On trouve également de lui une planche intitulée De l'origine et de l'établissement de la Maçonnerie en France, qui a remporté le prix de littérature maçonnique en prose, proposé au concours 1808 par la Loge calaisienne Saint-Louis des Amis Réunis. Elle a été publiée (pp. 5 à 33) dans le Tome VI des Annales maçonniques de Caillot (ce tome est accessible sur Google-Books, derrière le tome V) et republiée (pp. 345-50) dans Le Globe en 1841. 

On trouve, également de lui, au Tome V (pp. 136-144) des Annales, un Coup d'oeil sur l'ancienne et nouvelle maçonnerie, planche donnée à l'Age d'Or.

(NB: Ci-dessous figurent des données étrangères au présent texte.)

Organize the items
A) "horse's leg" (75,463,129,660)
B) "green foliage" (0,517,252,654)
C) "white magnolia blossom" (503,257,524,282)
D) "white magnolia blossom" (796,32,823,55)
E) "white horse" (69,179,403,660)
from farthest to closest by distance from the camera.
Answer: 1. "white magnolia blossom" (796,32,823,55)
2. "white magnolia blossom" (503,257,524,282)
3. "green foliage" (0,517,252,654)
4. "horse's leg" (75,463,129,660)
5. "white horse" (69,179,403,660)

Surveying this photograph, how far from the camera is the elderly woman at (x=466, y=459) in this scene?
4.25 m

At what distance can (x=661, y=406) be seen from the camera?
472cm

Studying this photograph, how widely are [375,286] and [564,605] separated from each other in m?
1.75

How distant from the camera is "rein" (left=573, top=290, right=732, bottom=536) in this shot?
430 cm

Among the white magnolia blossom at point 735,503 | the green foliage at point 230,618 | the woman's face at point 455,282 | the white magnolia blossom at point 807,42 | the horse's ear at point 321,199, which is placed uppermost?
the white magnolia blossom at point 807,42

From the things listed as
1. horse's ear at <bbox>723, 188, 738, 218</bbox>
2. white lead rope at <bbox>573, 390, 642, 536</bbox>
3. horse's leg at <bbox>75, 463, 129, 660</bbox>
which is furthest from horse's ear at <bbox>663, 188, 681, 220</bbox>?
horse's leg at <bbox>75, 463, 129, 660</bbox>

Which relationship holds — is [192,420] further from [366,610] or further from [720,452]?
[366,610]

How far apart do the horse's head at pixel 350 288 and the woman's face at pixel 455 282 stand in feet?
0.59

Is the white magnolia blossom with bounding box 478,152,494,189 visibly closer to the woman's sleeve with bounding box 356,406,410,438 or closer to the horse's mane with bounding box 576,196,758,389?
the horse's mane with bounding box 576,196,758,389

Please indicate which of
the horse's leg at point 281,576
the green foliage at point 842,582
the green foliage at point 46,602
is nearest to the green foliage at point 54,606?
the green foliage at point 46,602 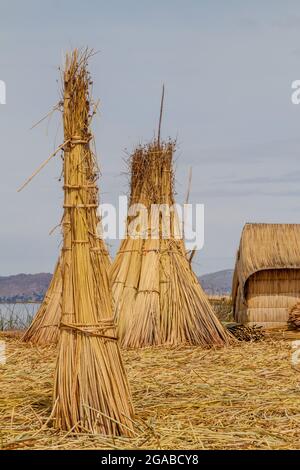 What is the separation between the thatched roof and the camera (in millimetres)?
9914

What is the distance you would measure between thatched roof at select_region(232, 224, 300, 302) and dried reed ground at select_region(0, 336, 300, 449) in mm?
1879

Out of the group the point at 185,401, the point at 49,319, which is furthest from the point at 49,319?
the point at 185,401

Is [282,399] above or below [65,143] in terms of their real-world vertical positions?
below

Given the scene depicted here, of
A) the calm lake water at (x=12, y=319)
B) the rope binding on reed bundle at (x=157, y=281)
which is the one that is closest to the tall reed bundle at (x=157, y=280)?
the rope binding on reed bundle at (x=157, y=281)

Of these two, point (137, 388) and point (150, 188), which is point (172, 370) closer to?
point (137, 388)

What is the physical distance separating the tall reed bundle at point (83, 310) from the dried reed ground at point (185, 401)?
143mm

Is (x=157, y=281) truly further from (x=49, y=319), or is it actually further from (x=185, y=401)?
(x=185, y=401)

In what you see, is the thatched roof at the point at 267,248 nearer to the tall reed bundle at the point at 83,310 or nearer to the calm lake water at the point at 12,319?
the calm lake water at the point at 12,319

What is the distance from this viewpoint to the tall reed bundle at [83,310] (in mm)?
4496

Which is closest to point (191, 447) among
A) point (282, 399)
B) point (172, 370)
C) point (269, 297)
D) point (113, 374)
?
point (113, 374)

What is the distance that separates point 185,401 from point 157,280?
3.30 meters

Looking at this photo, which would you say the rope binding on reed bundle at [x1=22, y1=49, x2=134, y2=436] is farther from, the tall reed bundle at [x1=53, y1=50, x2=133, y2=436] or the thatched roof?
the thatched roof

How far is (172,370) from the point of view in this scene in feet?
22.9

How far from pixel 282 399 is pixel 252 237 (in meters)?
4.70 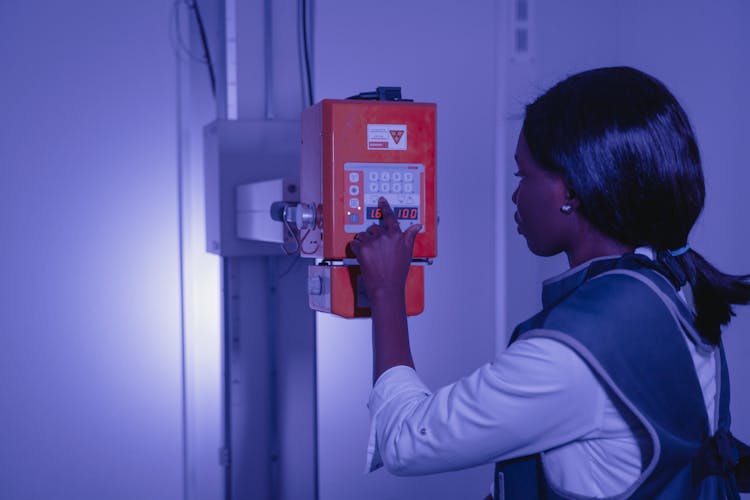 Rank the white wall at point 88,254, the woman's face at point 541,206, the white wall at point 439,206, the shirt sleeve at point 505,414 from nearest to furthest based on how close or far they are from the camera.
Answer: the shirt sleeve at point 505,414 < the woman's face at point 541,206 < the white wall at point 439,206 < the white wall at point 88,254

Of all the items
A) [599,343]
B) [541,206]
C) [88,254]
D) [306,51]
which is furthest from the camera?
[88,254]

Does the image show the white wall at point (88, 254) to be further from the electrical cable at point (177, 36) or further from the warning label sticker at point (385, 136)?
the warning label sticker at point (385, 136)

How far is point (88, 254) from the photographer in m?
1.75

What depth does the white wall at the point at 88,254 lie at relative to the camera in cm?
170

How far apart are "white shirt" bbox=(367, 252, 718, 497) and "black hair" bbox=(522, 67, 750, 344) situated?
0.50 feet

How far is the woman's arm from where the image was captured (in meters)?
0.98

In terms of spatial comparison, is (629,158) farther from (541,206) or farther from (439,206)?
(439,206)

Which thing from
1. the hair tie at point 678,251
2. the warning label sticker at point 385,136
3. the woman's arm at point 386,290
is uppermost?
the warning label sticker at point 385,136

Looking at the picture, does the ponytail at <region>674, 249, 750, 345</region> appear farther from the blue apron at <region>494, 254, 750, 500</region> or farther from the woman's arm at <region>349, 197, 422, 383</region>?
the woman's arm at <region>349, 197, 422, 383</region>

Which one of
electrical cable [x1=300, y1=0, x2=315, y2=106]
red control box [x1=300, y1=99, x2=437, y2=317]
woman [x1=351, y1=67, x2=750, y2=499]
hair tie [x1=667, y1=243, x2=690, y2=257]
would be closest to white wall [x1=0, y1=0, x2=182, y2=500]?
electrical cable [x1=300, y1=0, x2=315, y2=106]

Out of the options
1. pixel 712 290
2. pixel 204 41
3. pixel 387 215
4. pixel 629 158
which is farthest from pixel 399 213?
pixel 204 41

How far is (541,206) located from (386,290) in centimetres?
24

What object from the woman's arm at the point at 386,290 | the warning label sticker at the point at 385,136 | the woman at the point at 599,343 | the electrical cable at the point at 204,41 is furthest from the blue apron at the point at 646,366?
the electrical cable at the point at 204,41

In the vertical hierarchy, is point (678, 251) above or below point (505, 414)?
above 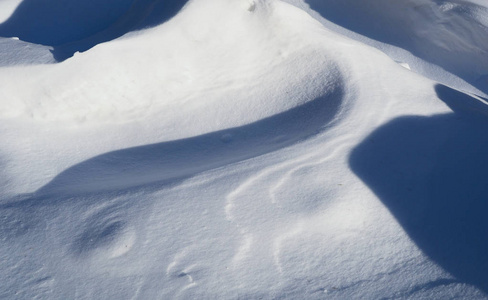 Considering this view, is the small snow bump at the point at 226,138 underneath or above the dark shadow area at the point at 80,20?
underneath

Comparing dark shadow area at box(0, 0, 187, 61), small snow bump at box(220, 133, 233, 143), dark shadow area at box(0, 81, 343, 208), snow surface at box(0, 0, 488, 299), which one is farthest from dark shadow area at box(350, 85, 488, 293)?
dark shadow area at box(0, 0, 187, 61)

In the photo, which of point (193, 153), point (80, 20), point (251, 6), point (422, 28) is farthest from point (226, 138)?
point (422, 28)

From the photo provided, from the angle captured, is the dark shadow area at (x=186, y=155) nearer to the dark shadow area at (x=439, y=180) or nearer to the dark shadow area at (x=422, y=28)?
the dark shadow area at (x=439, y=180)

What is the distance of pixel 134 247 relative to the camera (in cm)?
134

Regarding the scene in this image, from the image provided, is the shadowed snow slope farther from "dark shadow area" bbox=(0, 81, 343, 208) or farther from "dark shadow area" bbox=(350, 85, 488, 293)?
"dark shadow area" bbox=(350, 85, 488, 293)

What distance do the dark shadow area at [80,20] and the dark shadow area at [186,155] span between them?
1.79 ft

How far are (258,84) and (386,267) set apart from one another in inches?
36.1

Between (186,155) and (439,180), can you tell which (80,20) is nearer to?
(186,155)

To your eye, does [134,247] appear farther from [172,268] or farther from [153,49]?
[153,49]

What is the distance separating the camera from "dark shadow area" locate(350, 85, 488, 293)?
4.49 ft

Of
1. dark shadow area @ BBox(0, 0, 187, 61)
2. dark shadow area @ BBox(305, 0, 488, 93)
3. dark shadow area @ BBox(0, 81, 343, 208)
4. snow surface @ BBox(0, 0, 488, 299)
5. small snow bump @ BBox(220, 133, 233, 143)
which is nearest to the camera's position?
snow surface @ BBox(0, 0, 488, 299)

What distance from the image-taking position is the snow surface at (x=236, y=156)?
4.28 ft

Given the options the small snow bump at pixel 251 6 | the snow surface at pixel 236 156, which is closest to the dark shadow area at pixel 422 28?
the snow surface at pixel 236 156

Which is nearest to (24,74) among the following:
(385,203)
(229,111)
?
(229,111) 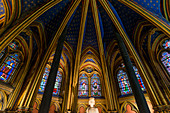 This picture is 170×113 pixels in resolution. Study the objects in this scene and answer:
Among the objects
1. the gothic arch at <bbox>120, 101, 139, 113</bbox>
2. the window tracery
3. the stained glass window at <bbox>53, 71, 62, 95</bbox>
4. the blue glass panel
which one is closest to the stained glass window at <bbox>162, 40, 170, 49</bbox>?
the gothic arch at <bbox>120, 101, 139, 113</bbox>

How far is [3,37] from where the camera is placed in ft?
17.0

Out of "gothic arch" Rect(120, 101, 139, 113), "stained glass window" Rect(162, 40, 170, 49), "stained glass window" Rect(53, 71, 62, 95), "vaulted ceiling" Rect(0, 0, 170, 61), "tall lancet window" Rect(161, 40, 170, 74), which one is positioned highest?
"vaulted ceiling" Rect(0, 0, 170, 61)

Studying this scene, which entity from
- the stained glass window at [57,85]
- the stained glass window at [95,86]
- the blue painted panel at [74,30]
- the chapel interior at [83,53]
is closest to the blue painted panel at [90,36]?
the chapel interior at [83,53]

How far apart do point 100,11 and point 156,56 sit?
21.2 feet

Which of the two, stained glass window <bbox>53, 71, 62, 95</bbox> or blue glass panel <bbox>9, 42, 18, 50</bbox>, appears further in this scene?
stained glass window <bbox>53, 71, 62, 95</bbox>

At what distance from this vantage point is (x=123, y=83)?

Il est aussi l'auteur, outre un oratorio, de sept autres chansons de ce site :

Comme l'écrivait Le Nain Jaune en 1815 pour commenter la sortie de presse de La Mort de Louis XVI, par M. Boubée, extrait d'uri poëme inédit 

Ce sont les vers d'un honnête homme ; mais nous engagerons M. Boubée à se rappeler ce vers de Molière :

On peut être honnête homme et faire mal des vers.

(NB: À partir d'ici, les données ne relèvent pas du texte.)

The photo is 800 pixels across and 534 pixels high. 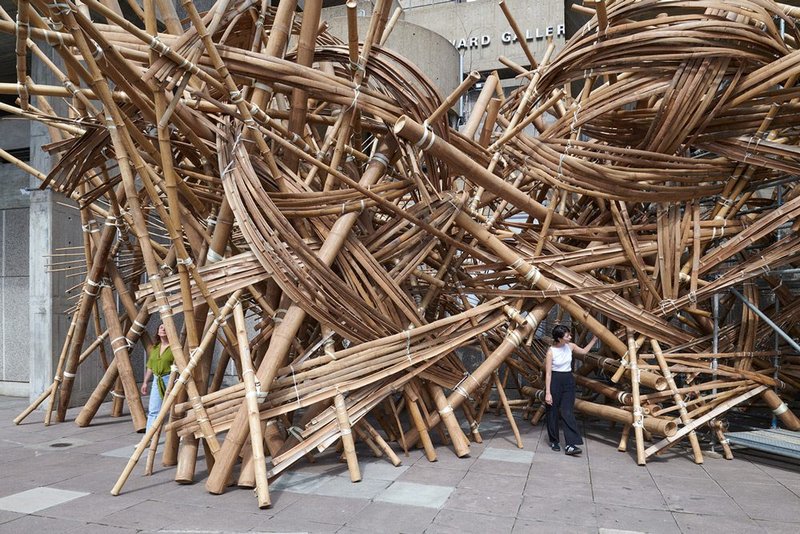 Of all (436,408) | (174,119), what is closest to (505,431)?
(436,408)

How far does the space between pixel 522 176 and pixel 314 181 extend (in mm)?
2161

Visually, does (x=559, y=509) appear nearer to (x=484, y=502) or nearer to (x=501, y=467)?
(x=484, y=502)

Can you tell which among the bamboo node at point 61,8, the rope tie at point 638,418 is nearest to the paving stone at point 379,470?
the rope tie at point 638,418

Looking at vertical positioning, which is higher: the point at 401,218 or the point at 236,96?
the point at 236,96

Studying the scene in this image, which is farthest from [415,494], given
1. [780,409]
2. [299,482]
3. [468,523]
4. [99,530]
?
[780,409]

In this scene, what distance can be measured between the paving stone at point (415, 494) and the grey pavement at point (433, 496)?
0.01 metres

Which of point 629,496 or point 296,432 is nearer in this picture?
point 629,496

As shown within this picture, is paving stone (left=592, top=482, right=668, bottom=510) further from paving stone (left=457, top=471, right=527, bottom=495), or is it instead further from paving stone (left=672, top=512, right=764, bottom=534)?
paving stone (left=457, top=471, right=527, bottom=495)

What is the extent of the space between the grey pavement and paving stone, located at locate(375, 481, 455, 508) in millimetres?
13

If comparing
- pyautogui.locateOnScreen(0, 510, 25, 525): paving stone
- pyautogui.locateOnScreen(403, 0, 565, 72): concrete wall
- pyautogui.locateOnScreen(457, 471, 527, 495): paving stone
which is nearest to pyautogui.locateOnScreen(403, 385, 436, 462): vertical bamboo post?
pyautogui.locateOnScreen(457, 471, 527, 495): paving stone

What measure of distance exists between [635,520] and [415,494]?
1322 mm

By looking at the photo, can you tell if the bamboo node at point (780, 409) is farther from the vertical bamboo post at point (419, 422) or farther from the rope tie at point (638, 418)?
the vertical bamboo post at point (419, 422)

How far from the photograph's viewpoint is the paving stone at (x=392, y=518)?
3531 millimetres

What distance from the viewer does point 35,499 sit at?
4.00m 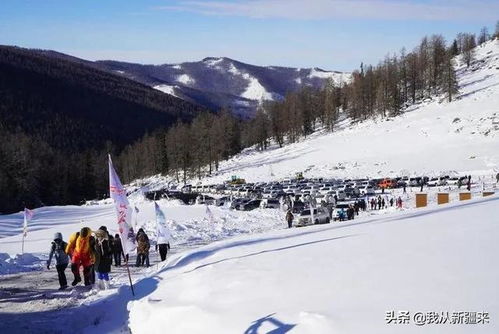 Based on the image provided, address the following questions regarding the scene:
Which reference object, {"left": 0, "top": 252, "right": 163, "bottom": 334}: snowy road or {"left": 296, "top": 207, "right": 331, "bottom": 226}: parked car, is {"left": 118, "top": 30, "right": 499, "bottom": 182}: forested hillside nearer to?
{"left": 296, "top": 207, "right": 331, "bottom": 226}: parked car

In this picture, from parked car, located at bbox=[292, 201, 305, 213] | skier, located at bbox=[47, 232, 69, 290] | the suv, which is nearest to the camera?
skier, located at bbox=[47, 232, 69, 290]

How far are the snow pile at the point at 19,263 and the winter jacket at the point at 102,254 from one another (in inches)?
252

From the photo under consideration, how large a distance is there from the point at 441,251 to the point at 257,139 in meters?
109

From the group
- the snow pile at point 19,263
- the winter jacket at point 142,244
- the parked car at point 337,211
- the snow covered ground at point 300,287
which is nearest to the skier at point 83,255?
the snow covered ground at point 300,287

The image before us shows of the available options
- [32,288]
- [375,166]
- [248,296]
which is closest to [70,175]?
[375,166]

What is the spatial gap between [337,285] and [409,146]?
7695 cm

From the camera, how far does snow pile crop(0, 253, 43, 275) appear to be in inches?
774

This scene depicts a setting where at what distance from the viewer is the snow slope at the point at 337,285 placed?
311 inches

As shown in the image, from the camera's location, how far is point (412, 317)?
24.5 ft

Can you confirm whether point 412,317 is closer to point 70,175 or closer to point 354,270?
point 354,270

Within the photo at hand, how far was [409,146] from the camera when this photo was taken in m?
83.2

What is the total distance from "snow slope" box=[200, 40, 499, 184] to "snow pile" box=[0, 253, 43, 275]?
51.5 metres

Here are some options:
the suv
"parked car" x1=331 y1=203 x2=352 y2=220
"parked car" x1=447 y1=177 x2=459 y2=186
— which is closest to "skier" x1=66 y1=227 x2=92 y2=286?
"parked car" x1=331 y1=203 x2=352 y2=220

Dans les Souvenirs maçonniques précités, Boubée raconte (pp. 42-4, colonne de gauche ci-dessous) avoir composé cette chanson-ci sitôt après sa réception. Il est cependant étonnant qu'il dise avoir composé en 1796 une chanson sur un air datant de 1800 : ses souvenirs sont-ils imprécis ou enjolivés ?


          

I.

Les divers maîtres de la terre
Ne sont d'accord presque jamais ;
Les uns ne voudraient que la guerre,
D'autres ne cherchent que la paix.
Mes chers amis, dans cette vie,
Chacun a sa philosophie ;
La mienne est d'aimer le canon
Oui, le canon du Frane-ltlaçon.
Chantons, honneur et gloire aux Francs-Maçons. (bis)

II.

L'un trouve le bonheur suprême
Dans les grandeurs, l'autre dans l'or ;
A se faire aimer pour lui-même
Un autre place son trésor.
C'est ainsi que dans cette vie
Chacun a sa philosophie ;
Pour moi, je le dis sans façon,
Men bonheur est d'être Maçon.
Chantons, etc.

III.

Pour élever un édifice.
Nous travaillons avec plaisir ; 
Mais quelle ardeur dans l'exercice 
Quand il s'agit de démolir !
C'est que de la Maçonnerie
Nous avons la philosophie :
Nous bâtissons, démolissons,
Et puis après reconstruisons,
Chantons, etc.

IV.

J'aime fort que l'on nous promette
Des houris après le trépas ;
Mais pour les houris du prophète
Négliger celles d'ici-bas !...
Mes chers amis, dans cette vie,
Croyez-en ma philosophie,
Aimons, fêtons et conservons
Les houris qu'ici nous avons.
Chantons, etc.

V.

Que le profane, a notre porte
Critique ce que nous faisons,
S'il est bigot, peu nous importe,
S'il est badin, nous lui dirons : 
Veux-tu de la Maçonnerie
Connaître la philosophie ?
A ses banquets viens avec nous
Goùter combien ses fruits sont doux.
Chantons, etc.

VI.

Des imprudents disent que l'âme
S‘évanouit avec le corps,
Et, quand la tombe le réclame,
Qu'elle le suit aux sombres bords...
Ah! sainte Franc-Maçonnerie,
Iinvoque ta philosophie :
Dis-moi si l'âme peut périr ?
Non, il faut naître pour mourir.
Chantons, etc..

Le texte que nous avons fait figurer en regard, dans la colonne de droite, est fort différent : c'est celui qui figure (pp. 122-4) au recueil d'Orcel de 1867, sous le titre Honneur et Gloire aux Francs-Maçons.

Il nous semble hautement probable que la Ronde du Calife de Bagdad (le célèbre opéra, datant de 1800, de Boieldieu, livret de Claude Godard d'Aucourt de Saint-Just, 1769-1826) à laquelle il est (anachroniquement ?) fait référence pour l'air soit en fait la Chanson de Table de cet opéra, dont on peut consulter la partition via une page du site (repère FVM 139) de la bibliothèque musicale de l'Université de Buffalo (Etat de New York, USA) : non seulement la métrique correspond (8 vers de 8 pieds), mais encore il y a une évidente parenté entre les vers 5 et 6 du premier couplet (Mes chers amis dans cette vie / Chacun a sa philosophie d'un côté, Mes chers amis dans cette vie / Chacun a son goût sa folie de l'autre).